Equity Compensation & Translation: A Market Case Study & Love Story
But the detailed, regulation-driven world of equity compensation plans provides an outstanding case study of the critical importance of experienced translation teams for even the most seemingly mundane of corporate assets.
Equity compensation is a form of non-cash compensation that represents some manner of ownership interest in a company. Companies that offer equity compensations give employees the option to purchase shares of the companies’ stocks at a predetermined price. This right “vests” with time, meaning that the employee cannot use some or all of these options to buy until some set time of employment has elapsed.
Since these options have some unique tax consequences and they do not represent actual ownership in the company at the same level as a shareholder, the structure of an equity compensation plan involves expert legal, accounting, and tax advice.
While the world of stock options is often seen as the purview of big, powerful companies, equity compensation plans are actually used by a tremendous variety of small- and medium-sized businesses worldwide. And they are increasingly used by international corporations as part of their growth and retention strategies.
Three Aspects of International Equity Compensation Plans That Demand Expert Translation Teams
1) The technical vocabulary of equity compensation requires expertise.
Glyph has more than a decade of experience providing translation services for equity compensation plans. Time and again we have seen the critical importance of having staff on both sides of a translation effort who clearly and deeply understand the key concepts in play. Financial and equity instruments do not always match up across markets. For example, you may have one financial, tax or compensation concept in the US that, when you try to translate it into Chinese, becomes problematic because there are two different concepts in China. Neither of these concepts matches exactly the concept in the US, but in order to effectively communicate the plan’s benefits and structure it in such a way that it will pass regulatory muster, the concepts must be mapped to each other.
Compounding matters, there has been a great deal of innovation in the equity compensation sector in the past ten years alone. As a result there are emerging terms that have previously not existed. Whenever this happens in English it is doubly hard to ensure the proper neologism is used in the target languages. An example is “restricted stock unit” or “RSU.” The term did not even have a search history in Google until around 2008.
2) Cultural differences can ruin a plan’s retention value.

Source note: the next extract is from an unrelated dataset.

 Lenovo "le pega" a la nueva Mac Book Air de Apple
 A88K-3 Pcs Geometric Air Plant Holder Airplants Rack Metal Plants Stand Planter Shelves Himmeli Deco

Most companies offer equity compensation as a method of attracting and retaining high value employees. Since these plans have traditionally been aimed at senior staff and executives, there has been an unspoken assumption that these employees have a reasonably high level command of English. This in turn leads US companies to assume that leaving their benefit plan in English rather than taking the time and effort to translate it correctly will result in the same “experience” for international employees as it does for US based employees. Making matters worse, when polled, many senior execs claim to have advanced English skills when in fact they have only a rudimentary grasp of the written language.
This leaves employers with a plan that these employees really cannot understand. And many studies have shown that the power of equity compensation as a retention tool is related to the employee’s ability to understand the benefit in the first place and, subsequent to that, their ability to manage the strategic and tax consequences.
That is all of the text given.